En Nochevieja celebramos el cumpleaños del mundo, ese momento en el que observamos los meses pasados desde la conciencia de estar dando carpetazo a una determinada época, a doce meses que ya podemos dar por finiquitados antes de empezar a escribir los días del futuro. Esa noche celebraremos una gran fiesta y nos emborracharemos con alegría sabiendo que a partir del día siguiente estaremos renaciendo, nuevos y por supuesto mucho mejores. Esa catarsis proyectada sobre grandes planes de cambio personal alimenta nuestra esperanza como un chute de energía. Dejaremos de fumar, empezaremos a hacer deporte, moderaremos la ingesta de alcohol, pensaremos más en los demás y menos en nosotros mismos, no gastaremos ni un átomo de nuestro cuerpo en alimentar rencores y odios, aprenderemos a escuchar y nos olvidaremos de imponer nuestro criterio, volveremos a devorar libros como aquel ávido lector que fuimos en nuestra juventud y dejaremos de perder nuestro tiempo consumiendo estupideces catódicas…

En definitiva y como se aseguraba en tiempos pandémicos, saldremos mejores. 

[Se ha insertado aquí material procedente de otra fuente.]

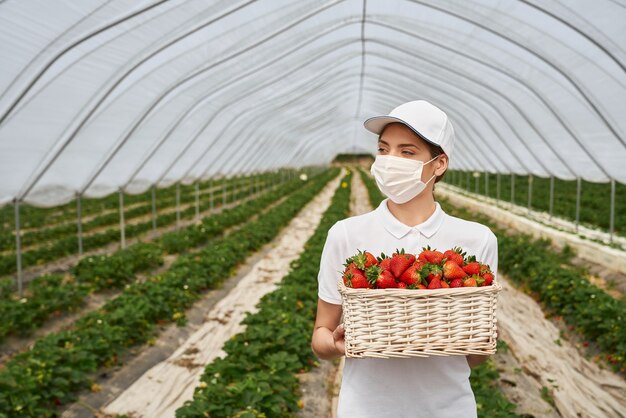 Linda mujer sosteniendo deliciosas fresas en la canasta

Tras la gran fiesta que despide el año viejo y ya expertos en lidiar con nuestra conciencia, nos afanaremos en enarbolar la mentira de nuestro cambio personal con inusitado entusiasmo, inasequibles al desaliento y olvidando los frustrantes precedentes con pasmosa facilidad. El primer día del año será el primero del resto de una vida mucho más centrada y ambiciosa. O al menos eso es lo que creeremos a pies juntillas poseídos por un subidón de determinación que es casi tan inherente al mes de enero como su frío o su célebre cuesta. 

Un año más o un año menos, según lo mire un optimista vocacional o un irreductible pesimista. ¿Recuerdan a Willy, el compañero de correrías de la abeja Maya? Pues a pesar de que uno trata de ver la historia del mundo y todas las peripecias del hombre sobre los días desde una perspectiva ilusionante, al final siempre se queda con la misma expresión circunspecta y pesimista que lucía, en la conocida serie de dibujos animados, ese zángano regordete y adicto a la miel que siempre veía la botella medio vacía. Porque no, no saldremos mejores.